How are they planning to lift stuff for installation/ repair?

Mike Halloran
Pembroke Pines, FL, USA

RE: Unusual Aspect Ratio

As stated in my original post our mechanical "designers" are the architects for the project, not our mechanical "engineers". I find this to be quite unsettling.

This project is in Massachusettes. According to the Ma building code a project of this size requires that it be engineered by a professional engineer. I belive it to be a violation of the code for the professional engineer not to be involved in determining the basic framing scheme for the structure. I can live with a bay size of 30 feet by 70 feet. I can't live with no input into the process.
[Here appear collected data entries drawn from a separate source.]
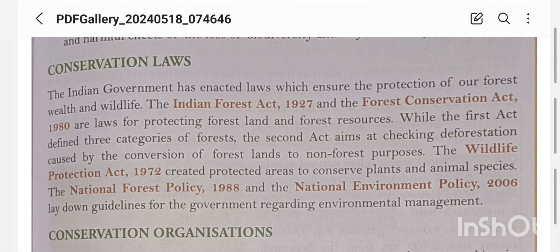The Indian Forest Act of 1927 and the Indian Forest Conservation Act of 1980 are laws for protecting forest land and forest resources. The Indian Forest Act defines three categories of forest, while the Forest Conservation Act aims at checking deforestation caused by the conversion of forest land to non-forest purposes.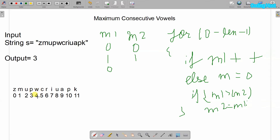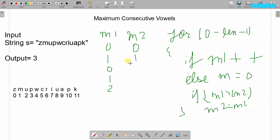From index 4 to 6 we have no vowels found, so m1 remains 0. At index 7 we have 'i' — a vowel, so m1 becomes 1. Since m1 and m2 are now equal, m2 remains as it is. At index 8 we have 'u' — also a vowel, so m1 increments to 2. Since m1 is now larger than m2, we store its value in m2, so m2 becomes 2.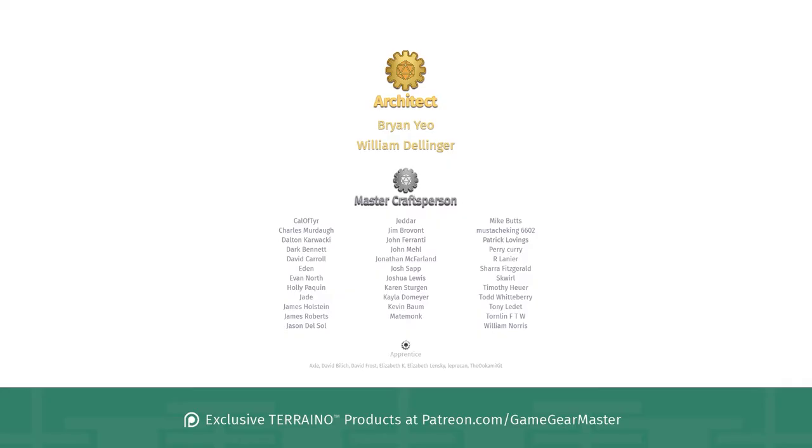Big thank you to my supporters on patreon.com/gamegearmaster, and a shout out to the architects on there who really go above and beyond. Brian Yao and William Dellinger, thank you so much and apologies if I mispronounced your names. If you'd like to become a patron and get exclusive Terreno products, go to patreon.com/gamegearmaster.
As a sidebar, overhead cranes have not yet been addressed.

RE: Unusual Aspect Ratio

This would be a good time to start addressing cranes because:

- It's easier and cheaper to install the crane, or at least the runways, before the roof goes on.

- Either the crane beams or the runway beams will have to span ~70 feet.  This is potentially a big problem because nobody stocks rolled sections that long.

Mike Halloran
Pembroke Pines, FL, USA

RE: Unusual Aspect Ratio

I am not familiar with the MA building code, but I don't see how not being involved in the building arrangement would be a building code violation.  Obviously it is nice to have some input - especially if it is now going to be a more complex design than what you envisioned when you bid it.  However, the professional engineer is signing off on the safety and suitability of the final design, not the design process.